Exercise instructions: While copying the entries exactly, leave out each picture they contain.

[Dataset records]
_____

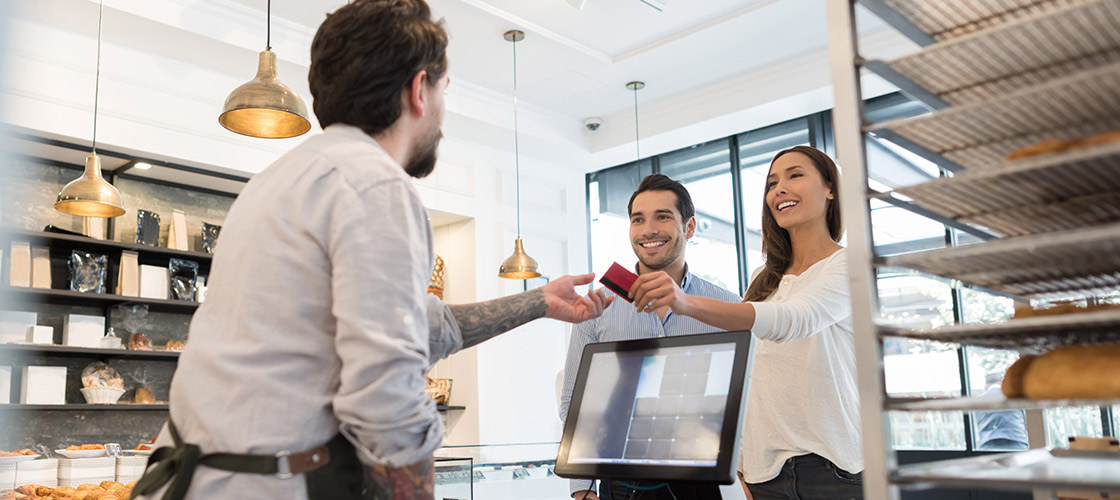 Happy couple handing their credit card to cashier for merchant service 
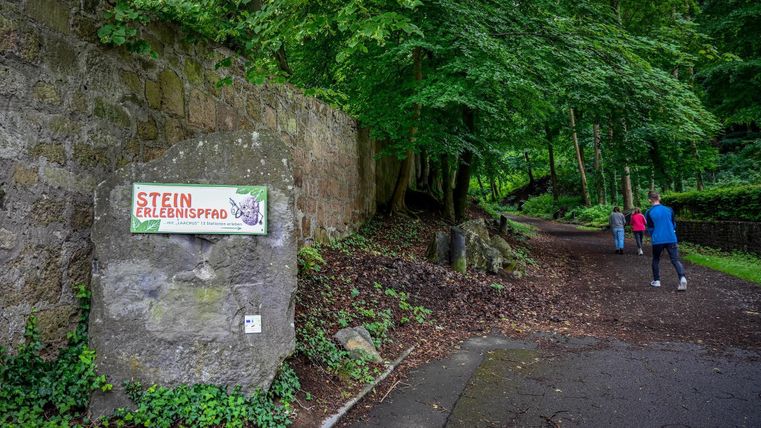 A path in the forest with a sign indicating the "Stone Experience Trail." Two people are walking along the path.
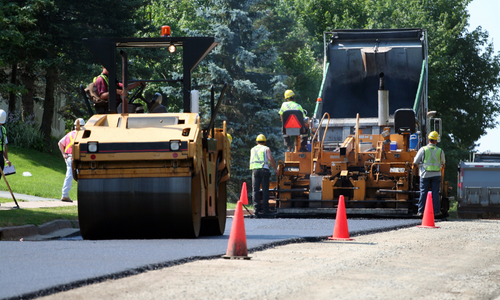 Asphalt Team paving a road.
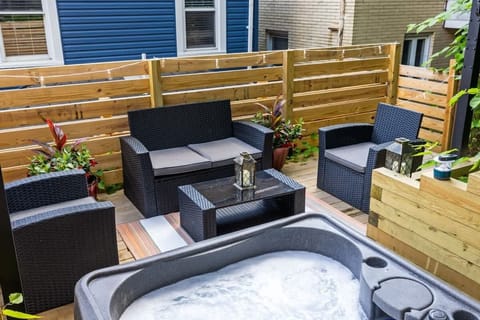 Soak and relax in your private hot tub, surrounded by comfortable outdoor seating—perfect for unwinding after a long day or enjoying a peaceful evening under the lights.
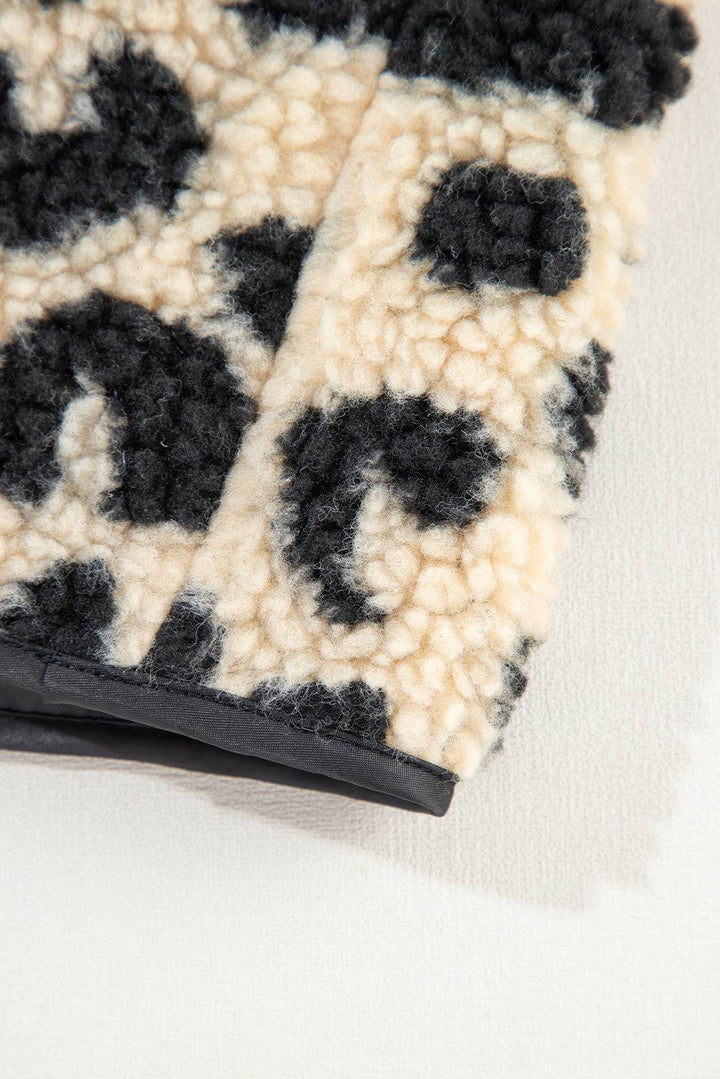 a close up of a rug on a white surface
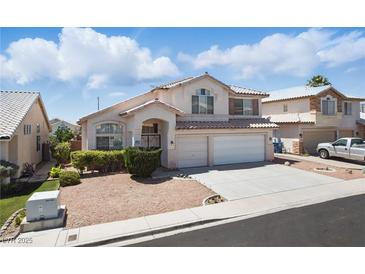Charming two-story home with a well-maintained yard, two-car garage, and classic desert landscaping at 9785 Turtle Head Ct, Las Vegas, NV 89117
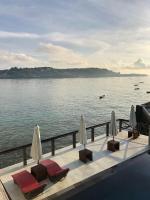 um deque com cadeiras e guarda-sóis junto à água em WALET PARADISE Ceningan Villa em Nusa Lembongan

_____

Exercise result:
 Happy couple handing their credit card to cashier for merchant service 
 A path in the forest with a sign indicating the "Stone Experience Trail." Two people are walking along the path.
 Asphalt Team paving a road.
 Soak and relax in your private hot tub, surrounded by comfortable outdoor seating—perfect for unwinding after a long day or enjoying a peaceful evening under the lights.
 a close up of a rug on a white surface
Charming two-story home with a well-maintained yard, two-car garage, and classic desert landscaping at 9785 Turtle Head Ct, Las Vegas, NV 89117
 um deque com cadeiras e guarda-sóis junto à água em WALET PARADISE Ceningan Villa em Nusa Lembongan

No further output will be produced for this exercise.